**Work required**
Across all of the records below, determine the number of lines containing the string "image"; reply with that number only.

____________

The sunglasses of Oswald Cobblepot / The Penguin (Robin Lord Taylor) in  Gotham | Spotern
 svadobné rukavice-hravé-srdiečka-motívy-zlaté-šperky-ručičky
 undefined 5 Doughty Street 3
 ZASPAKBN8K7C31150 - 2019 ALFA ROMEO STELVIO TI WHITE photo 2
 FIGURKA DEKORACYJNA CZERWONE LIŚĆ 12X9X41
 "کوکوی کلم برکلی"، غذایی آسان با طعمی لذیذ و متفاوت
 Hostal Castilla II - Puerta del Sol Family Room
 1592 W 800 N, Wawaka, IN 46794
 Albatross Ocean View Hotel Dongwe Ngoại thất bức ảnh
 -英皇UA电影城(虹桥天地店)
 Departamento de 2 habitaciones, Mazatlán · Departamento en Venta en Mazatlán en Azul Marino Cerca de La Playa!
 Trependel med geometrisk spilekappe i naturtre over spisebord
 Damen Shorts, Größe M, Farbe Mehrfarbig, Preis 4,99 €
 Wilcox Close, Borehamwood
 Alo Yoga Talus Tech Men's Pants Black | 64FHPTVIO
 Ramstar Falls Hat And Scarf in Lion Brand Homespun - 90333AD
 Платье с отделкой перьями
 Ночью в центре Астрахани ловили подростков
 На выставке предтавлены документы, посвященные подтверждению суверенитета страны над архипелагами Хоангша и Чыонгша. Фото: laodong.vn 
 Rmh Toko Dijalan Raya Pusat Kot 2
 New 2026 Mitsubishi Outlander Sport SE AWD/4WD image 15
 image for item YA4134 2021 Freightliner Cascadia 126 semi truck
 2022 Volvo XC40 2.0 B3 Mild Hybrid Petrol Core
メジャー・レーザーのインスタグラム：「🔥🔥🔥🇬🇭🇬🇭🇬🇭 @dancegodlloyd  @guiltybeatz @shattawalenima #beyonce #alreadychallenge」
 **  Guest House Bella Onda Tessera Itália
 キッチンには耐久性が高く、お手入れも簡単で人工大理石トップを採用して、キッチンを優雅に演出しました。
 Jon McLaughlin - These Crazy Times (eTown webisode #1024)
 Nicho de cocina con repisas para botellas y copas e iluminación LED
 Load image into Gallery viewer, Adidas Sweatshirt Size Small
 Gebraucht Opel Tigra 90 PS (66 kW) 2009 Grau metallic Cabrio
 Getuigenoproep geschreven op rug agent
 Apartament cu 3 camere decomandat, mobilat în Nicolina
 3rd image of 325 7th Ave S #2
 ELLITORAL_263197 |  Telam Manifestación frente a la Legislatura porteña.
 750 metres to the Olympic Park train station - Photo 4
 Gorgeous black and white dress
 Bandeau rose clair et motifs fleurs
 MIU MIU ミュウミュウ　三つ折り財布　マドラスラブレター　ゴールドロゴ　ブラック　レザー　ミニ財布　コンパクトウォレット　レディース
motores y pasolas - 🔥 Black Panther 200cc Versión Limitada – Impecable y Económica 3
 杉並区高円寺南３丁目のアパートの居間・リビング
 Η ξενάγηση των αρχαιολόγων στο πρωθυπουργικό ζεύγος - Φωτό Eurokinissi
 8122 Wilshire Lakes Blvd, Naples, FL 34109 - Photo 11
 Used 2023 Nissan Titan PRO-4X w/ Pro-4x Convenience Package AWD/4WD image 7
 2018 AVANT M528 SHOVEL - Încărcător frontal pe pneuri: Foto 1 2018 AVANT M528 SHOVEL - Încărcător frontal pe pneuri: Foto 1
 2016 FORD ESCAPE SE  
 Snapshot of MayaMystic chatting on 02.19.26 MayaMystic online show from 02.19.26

____________

**Your response**
5